No development without tax revenue
Formalised business transactions are taxable - Ugandan bank counter
Every year, almost 20 million young people in Africa enter the labour market. Across the continent, investments in additional infrastructure are needed. Schools, universities and roads need to be built; water and energy supplies need to be provided. The United Nations estimates that, to achieve the UN Sustainable Development Goals, Africa will need investments worth 600 billion dollars – per year! A steep hill to climb, and official development assistance alone will not get us to the top.
This calls for a new dimension in our cooperation with Africa which involves all policy areas. That is what the Marshall Plan with Africa which Federal Development Minister Gerd Müller presented at the beginning of the year is all about. In addition, the German G20 presidency has launched a new investment partnership with Africa in which we are joining ranks with the large industrialised countries of the world in order to promote investment in Africa. Investment is not only about improving the business environment for the private sector or stepping up public funding for development cooperation. Many of our African partners very rightly believe that increasing domestic revenue from tax, tariffs and levies and fighting tax evasion is the key to investment.
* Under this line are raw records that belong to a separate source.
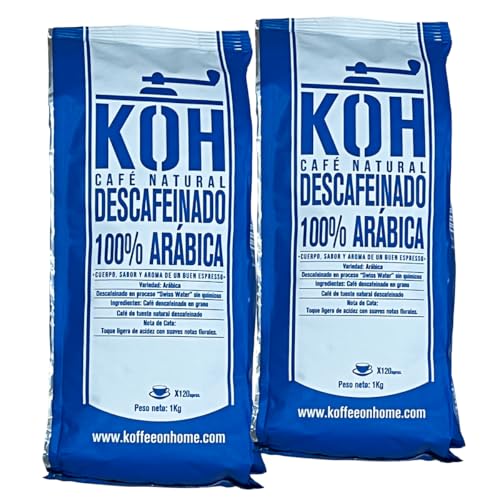 KoffeeONHOME Café en Grano Descafeinado al Agua – 100% Arábica – Tueste Natural – 2 kg (2x1000 gr)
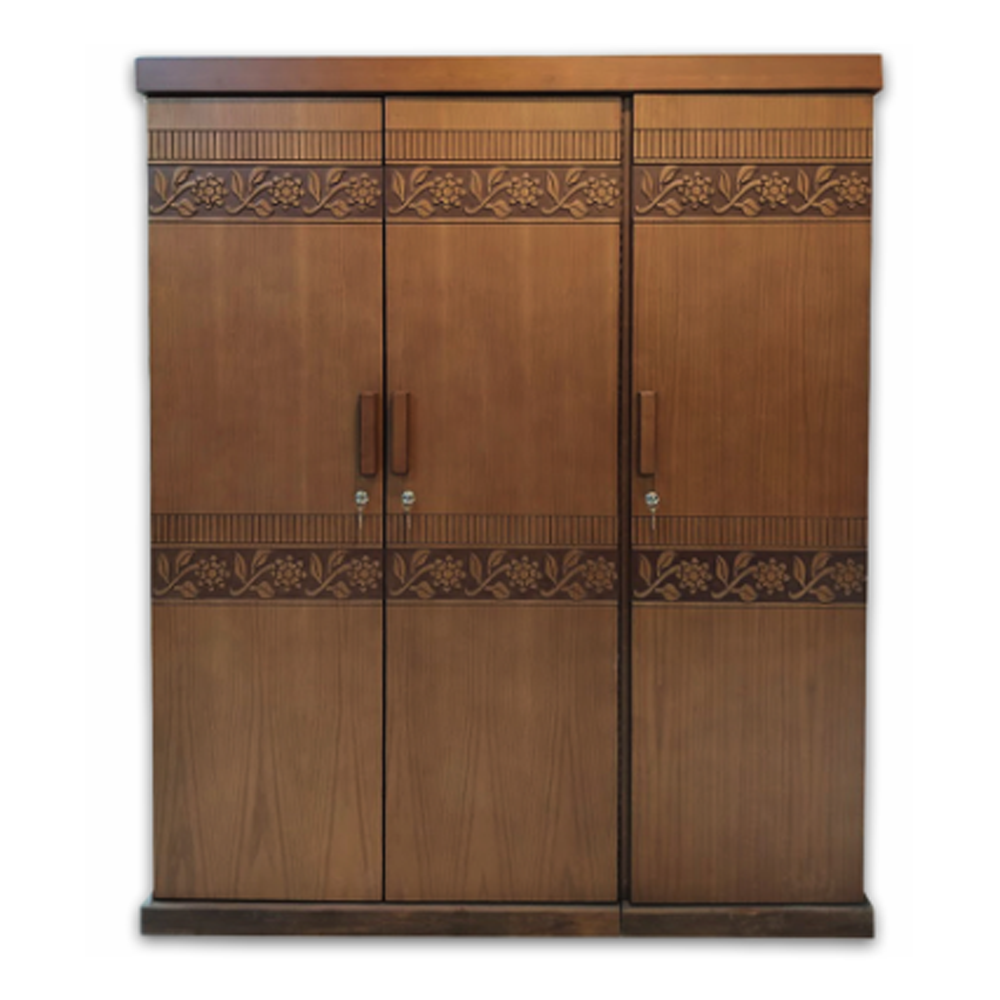 Solid Wood Rose Design 3 Door Almirah - 5x6 Feet - ZF-3D-AL-01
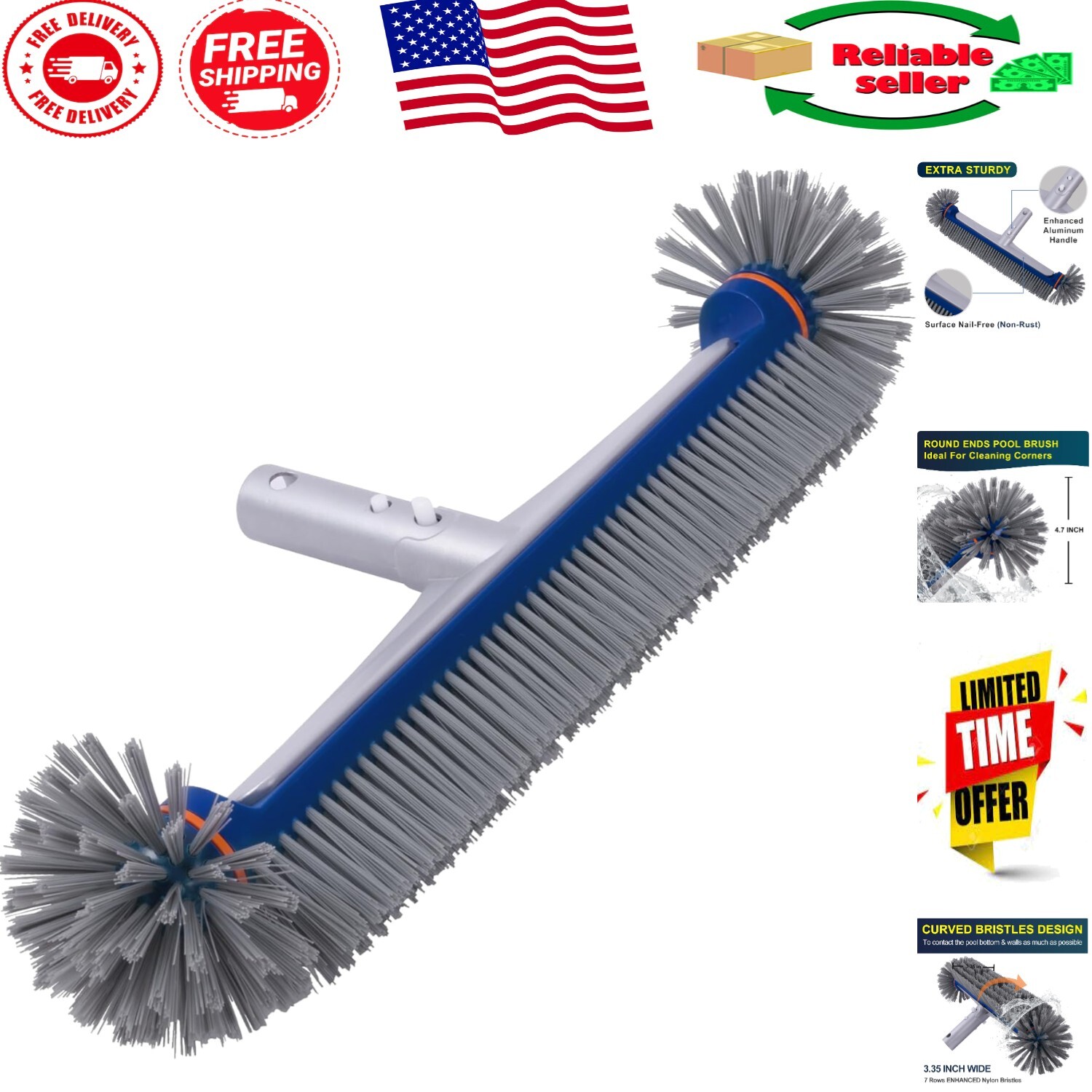 360 Degree Pool Brush for Inground & Above-Ground Pools – 17.5 Inch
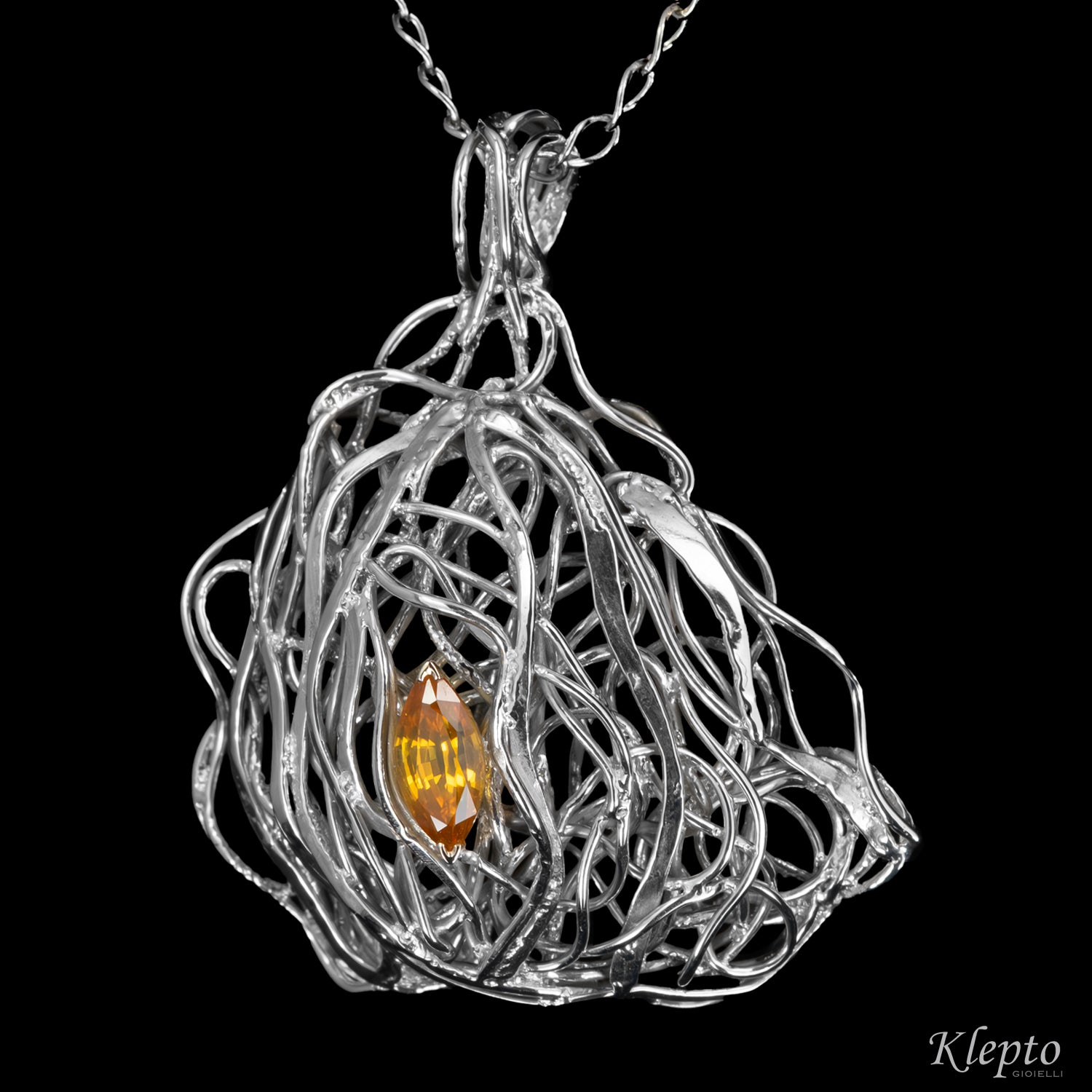 Silnova® Silver Pendant with Natural Yellow Zircon and White Gold Details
Sufficient revenue is the backbone of an effective state. For a state to properly perform its function it needs to be in a position to fund its activities. In other words, there can be no development without taxes. In Africa, the tax ratio, that is the tax-to-GNI ratio, is frequently below 20 %, often even below 10 %. By comparison, the tax ratio in Europe is approximately 35 %.
Taxes, therefore, have long been an important aspect in development cooperation. The German Development Ministry is already working with some 30 countries on these issues, including Ghana, Malawi, Zambia and Uganda. This cooperation is not only about increasing the tax ratio but also about ensuring greater transparency in tax systems and investing tax revenue efficiently. Tax receipts can be increased, for instance, by abolishing unwarranted tax breaks or simplifying tax charges for small and medium-sized enterprises.
Countries’ efforts to develop efficient tax systems must also include efforts to fight tax avoidance, tax evasion and illicit financial flows. Every year, African countries lose more than 50 billion dollars. This is money that is urgently needed for investments. That means, the loss in revenue is even higher than the total of global official development assistance that is invested in Africa every year.
That is why, at the G20 Africa conference which we hosted in mid June, the German government introduced an initiative to fight illicit financial flows from Africa. Together with the governments of Kenya and Italy and the OECD, Germany launched the African Academy for Tax and Financial Crime Investigation. It will train African tax inspectors and legal officers in Nairobi with a view to building more capacities to tackle tax avoidance and other financial crimes more effectively.
Transparent, fair and efficient tax systems are an important building block in efforts to ensure that Africa not only continues to be a continent of opportunities, but also has a real chance of establishing itself as a dynamic economic region and offering its people sufficient jobs and opportunities.
Thomas Silberhorn is parliamentary state secretary at Germany’s Federal Ministry for Economic Cooperation and Development (BMZ).